量子暗号とは、量子現象を利用する暗号です。私は、数理暗号系の研究者でして、量子力学的知識はありませんが、Y00量子暗号の国際的先導者である廣田修先生に教わりながら、全体像を概観してみます。
(2)BB84 量子暗号
検索すると、「BB84は、チャールズ・ベネット(Bennett)とジャイルス・ブラザード(英語版)(Brassard)によって1984年に提案された、暗号学的な、量子通信を利用する鍵配送プロトコルである。二人の頭文字と発表年からBB84と呼ばれ、初めて提案された具体的な量子暗号のプロトコルとして有名である。」と出て来ます。

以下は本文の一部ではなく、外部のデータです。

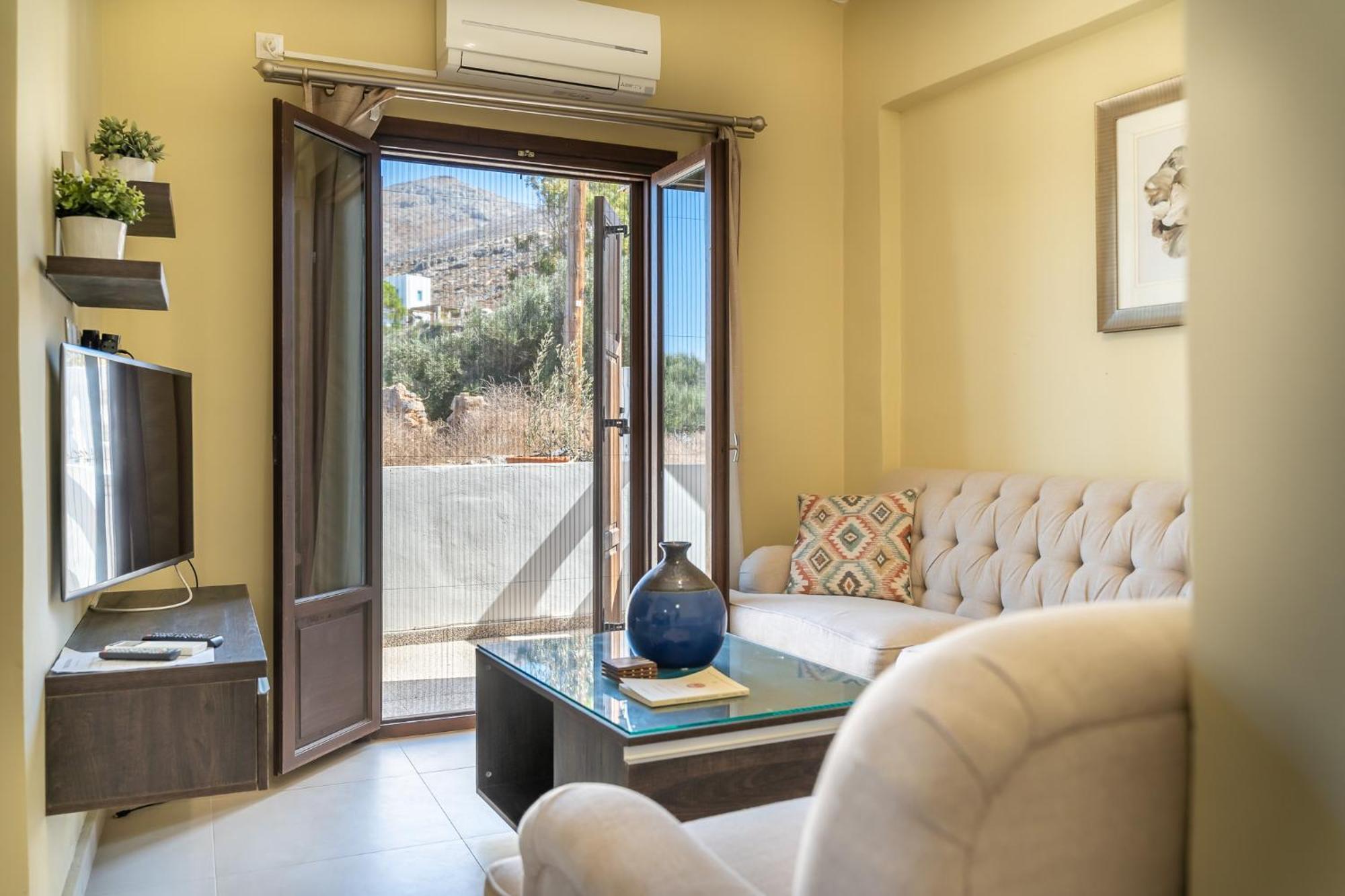 Theoxenia Kasos Luxury Apartments Παναγιά Εξωτερικό φωτογραφία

BB84 量子暗号に使われる信号は光子で、それを1個ずつ送る必要があるため実装が難しい暗号技術です。人間が他人に見られると表情を変える様に、光子自身は観測されると状態が変化します。この量子現象を利用すると盗聴者を検知できるので、それを原理として暗号機能を実現しようとしたものです。しかし、光子1個ずつ送る途中で、多くの光子が消去するので、データ自体を送ることは出来ず、乱数しか送れないので、鍵配送専用です。

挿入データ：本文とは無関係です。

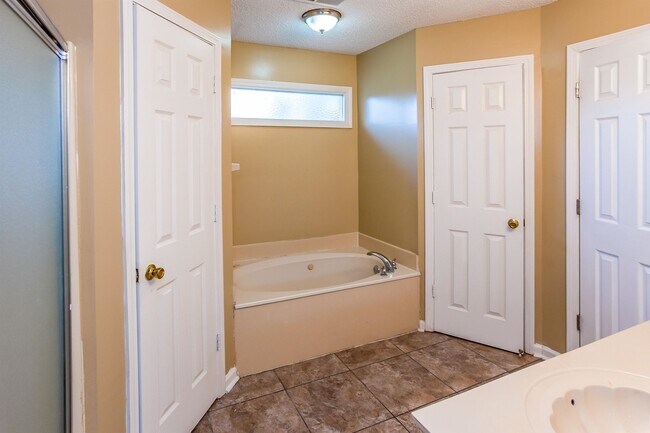 Building Photo - 6701 Walter Forest Cove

2021年5月5日の日本経済新聞の1面トップに、「中国は、北京と上海の間に2千kmに及ぶ量子暗号の通信網を構築している」と掲載されています。廣田氏によれば、中継間隔は40km, 通信速度は 50 k bits とのことです。
(3)Y00 量子暗号
廣田氏によれば、「Y-00暗号は「盗聴者に暗号文を傍受させない」ことを特長とする光通信向けの暗号で、暗号文として超多値変調信号(4096値が一般的)を用い、それらの信号を受信した際に発生する量子雑音による信号値に対するマスク効果を利用する。Y-00暗号ではスロット毎に4096値の超近接した強度変調信号の一つが暗号文としてランダムに送信される。盗聴者は暗号文を受信するために、それらを識別する必要がある。しかし、量子雑音効果によって信号は正確に識別できない。これは、盗聴者が暗号文を正確に受信できない状況になっていることを意味している。玉川大学の実験では、4096値の変調信号(変調速度:1.5 Gb/s)を用いた。通信距離は1,000kmで40km毎に合計25個の光増幅器で増幅中継する構成を用いた。この原理は米国Northwestern大学のYuen教授が2000年からのDARPA(国防高等研究計画局)プロジェクトにおいて提案されたもの」です。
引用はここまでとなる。